2. Education and Training of medical staff
This aspect is very closely related to the first. Apart from the central medical care provider, the paediatric or adult haematologist, many other persons involved in the medical care need adequate training to meet the needs of these complex disorders. This group comprises subspecialists such as cardiologists and endocrinologists, nurses, educators, psychologists, social workers and others. A very close collaboration of these caregivers is essential for a successful treatment.
In countries where haemoglobinopathies affect primarily patients with a background of migration, and where migration occurred rather recently, patients only started to enter adulthood, and to look for treatment by adult health care services, during the last ten or fifteen years. Thus, adult health care providers inevitably had limited experience in the management of these rare disorders. In order to pass over knowledge and experience, not only is it important to have a close collaboration between different subspecialists and health care professionals within a medical care unit, but also a very close collaboration between paediatric and adult haematologists.

3. Health Care Setting
The health care setting varies from country to country, and sometimes even between regions within a country. For many patients, the transition from paediatric to adult care will be associated with transition from a rather familiar ambience within an in-patient clinic to an out-patient clinic focussed on the care for self-managing individuals. Even patients treated in paediatric out-patient clinics will feel such fundamental change, since they got used to the ambience and to individual health care providers, particularly nurses and other supporting staff, knowing them for their whole life.Therefore, transition to adult health care must include the careful preparation of patients to these changes to avoid frustration and retraction.

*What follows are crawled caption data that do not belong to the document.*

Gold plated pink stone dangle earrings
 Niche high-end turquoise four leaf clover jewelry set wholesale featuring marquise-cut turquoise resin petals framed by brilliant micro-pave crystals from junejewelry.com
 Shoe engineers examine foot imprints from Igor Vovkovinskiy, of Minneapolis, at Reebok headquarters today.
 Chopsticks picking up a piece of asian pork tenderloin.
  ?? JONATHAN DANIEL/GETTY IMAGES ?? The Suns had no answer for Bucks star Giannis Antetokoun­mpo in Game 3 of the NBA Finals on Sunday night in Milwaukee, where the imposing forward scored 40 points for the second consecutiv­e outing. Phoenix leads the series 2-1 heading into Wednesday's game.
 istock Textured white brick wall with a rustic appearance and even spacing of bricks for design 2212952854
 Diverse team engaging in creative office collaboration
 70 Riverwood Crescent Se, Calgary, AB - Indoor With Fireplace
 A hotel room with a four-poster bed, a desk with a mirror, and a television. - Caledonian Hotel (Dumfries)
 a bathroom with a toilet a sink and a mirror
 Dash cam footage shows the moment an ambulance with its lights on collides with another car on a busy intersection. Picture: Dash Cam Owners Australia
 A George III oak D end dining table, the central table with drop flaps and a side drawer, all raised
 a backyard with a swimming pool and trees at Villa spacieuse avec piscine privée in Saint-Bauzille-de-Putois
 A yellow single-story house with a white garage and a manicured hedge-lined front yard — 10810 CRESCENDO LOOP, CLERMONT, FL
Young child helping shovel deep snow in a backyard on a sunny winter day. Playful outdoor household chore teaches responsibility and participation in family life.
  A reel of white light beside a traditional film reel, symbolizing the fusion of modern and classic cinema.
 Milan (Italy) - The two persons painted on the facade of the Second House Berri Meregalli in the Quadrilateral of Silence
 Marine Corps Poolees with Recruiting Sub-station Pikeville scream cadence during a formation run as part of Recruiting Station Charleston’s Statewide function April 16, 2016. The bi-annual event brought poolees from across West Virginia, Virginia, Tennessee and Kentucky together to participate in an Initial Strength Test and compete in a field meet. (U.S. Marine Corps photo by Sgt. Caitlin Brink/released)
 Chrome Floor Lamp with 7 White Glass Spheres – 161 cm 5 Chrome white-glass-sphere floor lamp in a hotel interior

4. Adolescence and Puberty
At the time of transition, patients usually are at the end of their puberty. Classic adolescent rebellion can be an added problem for patients with chronic illness. Actually, puberty certainly represents one of the most vulnerable periods in the life of each patient with haemoglobinopathy. Adolescents with thalassaemia begin to challenge the need to continue chelation treatment, even after the introduction of alternative medical drugs without the physical burden of deferoxamine. They stop adhering. Patients become aware of physical problems caused by their disease or its treatment. And puberty itself can be disturbed by hypogonadism caused by iron overload representing a major burden for affected patients. All these problems have to be considered within the transition process, which should follow a standardised plan but has to be realised in an individualised way.
In addition to hypogonadism, other complications of iron overload, such as cardiac disease or diabetes mellitus, may occur in the same period. In these cases it has to be weighed very carefully where (in paediatric or adult medicine) treatment of such complications should be initiated. The ideal way, of course, would be the collaborative approach.

5. Social Activities
At the end of adolescence, there are other issues besides the transition from paediatric to adult medical care that predominate the life of young adult patients with TM and SCD. These include professional training, jobhunting, love, family planning and others. In some countries, personal responsibilities for health insurance and the payment for medical care are associated with additional problems for the patient. These aspects should be included in a transition programme. Both paediatric and adult health care workers have to develop possibilities to provide continuous support concerning these questions before, during, and after the transition.

6. The Families
The role of the family in the medical care of patients with haemoglobinopathies, and the transition process, varies depending on national, regional, and ethnic conditions, but everywhere it is of great importance. During infancy and childhood, the families and the parents in particular guarantee adequate medical treatment of their children. In adult medicine, the individual patient with self-care responsibility is the immediate partner of the physician or subspecialist. With regard to this aspect, an abrupt change from paediatric to adult care would certainly have an adverse effect on further treatment, adherence and compliance.
The influence of the parents may decrease during puberty. In the positive case, patients develop self-efficacy and self-care responsibility. In the negative case, the lack of compliance and adherence result in a long period of inadequate treatment, which can have even fatal consequences. Thus, patients’ education concerning their diagnosis, treatment, and preventive measures, but also psychological and social support, are of central importance within this period. Parents need encouragement to handle this situation, to acknowledge the increasing personal responsibility of their children, and to settle into their new role as accompanying partner and supporter. The transition of patients with haemoglobinopathies and other chronic disorders is not a one-off event, but a long-lasting process. Transition programmes must be developed in collaboration between paediatric and adult health care providers. They should consider the above-mentioned aspects, and therefore include the availability of common treatment standards, the collaboration within a multidisciplinary team and between paediatric and adult haematologists, the training of health care professionals, the education of the patient, the integration of the patient into decision-making, and the help for the families to strengthen their ability to support the patient in and after the transition process. The administrative handling of the transfer from paediatric to adult medical care should be planned in advance, including the transfer of relevant records. The timing of transfer should be flexible, depending on the patient’s developmental and social background. Thus, based on a standardised programme, the transition process should be tailored for each individual patient.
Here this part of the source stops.